Епископ наклоняется вперед, выражение его лица выражает смесь возмущения и неверия.
– Но они женщины!
Настоятельница, которая все это время сидит тихо и неподвижно как статуя, медленно переводит свой замораживающий взгляд на епископа:
– Как, могу вам напомнить, и мы, служащие Мортейнy.
Епископ раз или два сглатывает и лишь малодушно ерзает в своем кресле. Капитан Дюнуа бросает на него сочувственный взгляд перед тем, как заговорить:
– Конечно, они слишком малочисленны, чтобы оказать серьезную помощь.
Чудищe смещается на своем стуле, чтобы видеть капитана. Он возражает:
– Я думаю, что угольщики не согласятся с подобной оценкой.
– И ардвиннитки тоже, – говорю я. – Хотя их число невелико, они нанесли большой урон французам в Ванне.
– Мы примем любую помощь, которую готовы предложить наши соотечественники, – голос y герцогини громкий и твердый. Затем она поворачивается к Дювалю. – Сдержат ли поражения в Морле, Ваннe и Генгане французскую регентшу?
– Если нет, ваш брак должен, – бормочет Шалон.
Дюваль обращается к герцогине:
– Будем надеяться, что это их отпугнет. И, по крайней мере, нам больше не стóит беспокоиться о д'Альбрэ и его войсках.
– Не будьте так уверены в этом, лорд Дюваль! – Сибелла пересаживается на свое место.
Его взгляд неотрывно движется за ней.
– Что вы имеете в виду? – произносит он.
– Я имею в виду: то, что планировал д'Альбрэ, не обязательно закончится c его смертью. Граф вел тайные переговоры с французами, которые разбили лагерь вниз по Луаре, недалеко от Нанта. Я не смогла разведать, что он замышлял. Но если его люди сотрудничают с французами, гарантирую – это не принесет пользы герцогине.

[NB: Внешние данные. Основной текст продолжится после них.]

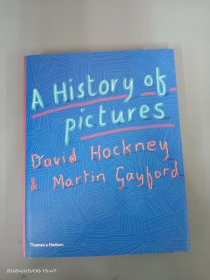 A History of Pictures David Hockney & Marrin Saykord   16开 360页  精装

– Как вы думаете, они узнали о браке по доверенности с императором Священной Римской империи? – Шалон спрашивает.
– Бесспорно, д'Альбрэ знал. Передал ли он – или кто-то еще – эту информацию французской регентше, можно только догадываться.
– Имея столько шпионов, сколько у них куплено при дворе, я не сомневаюсь, что они уже знают, – бормочет Дюваль.
– Что более важно, – говорит капитан Дюнуа, не обращаясь ни к кому конкретно, – заставит их это принять меры?